Packet Loss – Fix Massive Packet Loss When Servers Go Online

ciscolinuxpacketlossUbuntu

This is a continuation of ubuntu server, ssh, write failed: broken pipe. I'm starting a new question, because I don't believe the issue is isolated to ssh/ubuntu.

I've got two brand new servers (Dell PowerEdge R715, R210) with Ubuntu server 10.04 64bit installed on them. I'm running a stack of Cisco 3750 switches with two Juniper SRX240 firewall/routers. The setup is basically router on a stick, we have 3 vlans: one internal, one dmz, and one storage network (iSCSI) all on the same stack. No layer 3 switching is being done on the Cisco stack and DMZ is completely isolated from the stack on a different switch.

There are about 10 other Dell PoerEdge servers on this same network (and stack) that have been running for years without an issue. Most of them are running SLES 10 or openSUSE, but one is running Ubuntu server 10.04 64bit.

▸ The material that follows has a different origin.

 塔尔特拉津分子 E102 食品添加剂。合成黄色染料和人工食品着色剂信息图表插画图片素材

I've unplugged all NICs on these new servers except those going to our internal vlan.

If I boot either (or both) machines and let them sit for about ten minutes, we start getting up to 20% packet loss from other machines on the network and up to 40-50% packet loss from the offending servers.

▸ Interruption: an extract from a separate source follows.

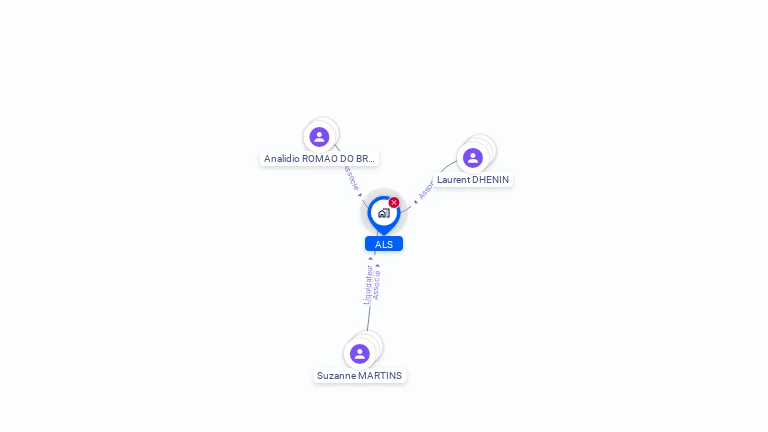 Cartographie gratuite d'ALS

Does anyone have an idea as to why this might be happening or what I can to do troubleshoot the issue? I don't mind wiping these boxes if I have to, there isn't any production data on them yet.

Best Answer

I'd start by looking at the switch log buffers (or the syslog you're exporting them to, if you have one).

I've seen problems in the past with multi-NIC linux machines responding to ARP inappropriately (as in "not on the expected interface") and even more problems with blades in a blade-server chassis where there were multiple VLANs attached to the switch, but no (working) way of imposing VLANs on the actual blade switch. This ought to show up as MAC-related complaints in the logs.

As a second step, do things get better if you enable arp_filter on all interfaces on your new servers?